ISIS has released a statement claiming that 26-year-old American Kayla Jean Mueller, the group's only remaining American hostage, was killed by Jordanian airstrikes. That might be true, but we should assume they are lying.
ISIS uses its hostages executions for propaganda purposes. So while ISIS is undoubtedly carrying out brutal murders of innocent hostages, the group's claims about the circumstances of those killings — when they took place, what precipitated them, and what could have averted them — are intended to manipulate. And the group has repeatedly lied in the past.
The propaganda purpose of ISIS's brutal executions
ISIS uses filmed hostage executions and other atrocities as a tool to increase its political power. "By publicizing its brutality," a recent UN report concluded, "the so-called ISIS seeks to convey its authority over its areas of control, to show its strength to attract recruits, and to threaten any individuals, groups or States that challenge its ideology."
This latest claim is no exception. ISIS released a statement on February 6 saying that Mueller, a 26-year-old Arizona woman who had been doing aid work in Syria, had been killed this week during Jordanian airstrikes on the northern Syrian city of Raqqa. ISIS claimed that "The failed Jordanian aircraft killed an American female hostage," and "no mujahid was injured in the bombardment, and all praise is due to Allah."
The intended message was clear. The statement was supposed to convey that ISIS is invincible, and that the Jordanian airstrikes, which were intended to avenge the death of a previous hostage, Jordanian pilot Moaz al-Kasasbeh, had only succeeded in killing another prisoner. It may also have been intended to split the US-led coalition by implying that Jordan had been responsible for the death of an American.
Don't believe all of ISIS's claims
It's possible that ISIS's claims about the circumstances of the young woman's death are true. But they have not released any proof, and their statement is so carefully tailored to the group's propaganda message that it lacks credibility. In that regard, it's of a piece with the group's actions in the past.
For one thing, it is awfully convenient that Jordanian airstrikes would have only killed the American hostage, but not a single ISIS fighter (the "mujahid" referenced in the statement). Furthermore, ISIS has a well-established track record of releasing photographs and videos of its dead hostages. If she had indeed been killed in the airstrikes, they would presumably have released images proving that.
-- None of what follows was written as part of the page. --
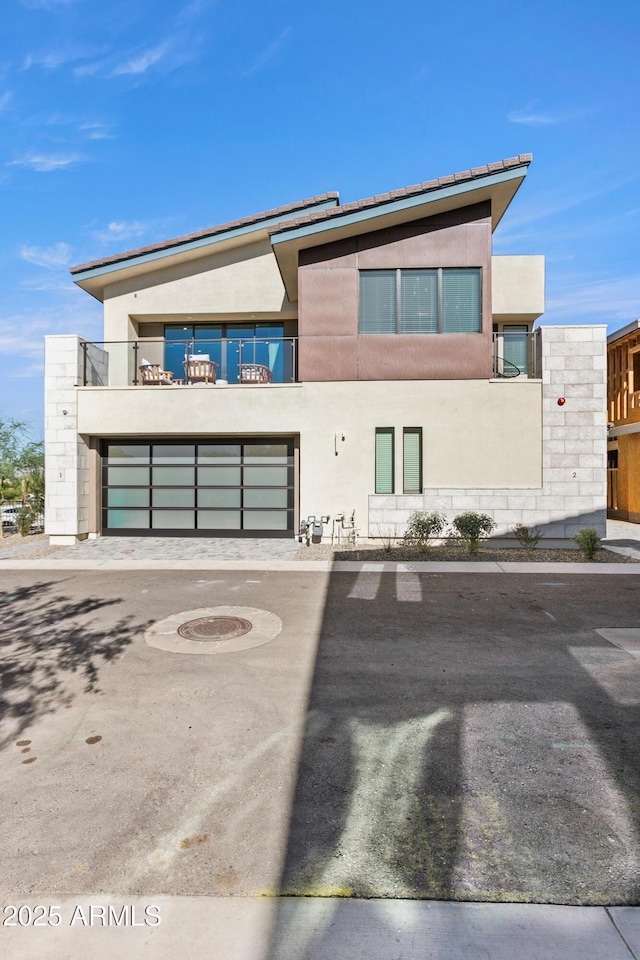 contemporary home with a balcony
ISIS also has a track record of lying about the timing of its hostage executions. In January the group engaged in weeks of negotiations with the Jordanian government for Kasasbeh's release, but failed to produce proof that he was still alive. Although ISIS did not publish its footage of Kasasbeh's death until February 3, the Jordanian government believes that he was murdered a month earlier.
Those lies are not just manipulative, they are cruel. They prolong the pain of the hostages' families. ISIS's continued demands and bad-faith negotiations offer the illusion that something can be done to save their loved ones, when in fact all has already been lost. Kasasbeh's widow, for instance, apparently held out hope that negotiations would succeed, and only learned of his death when it was reported on the news.
As of now, the young American hostage's death has not been confirmed. But the sad truth is that if she is dead, that may have happened long before Jordan's airstrikes even began.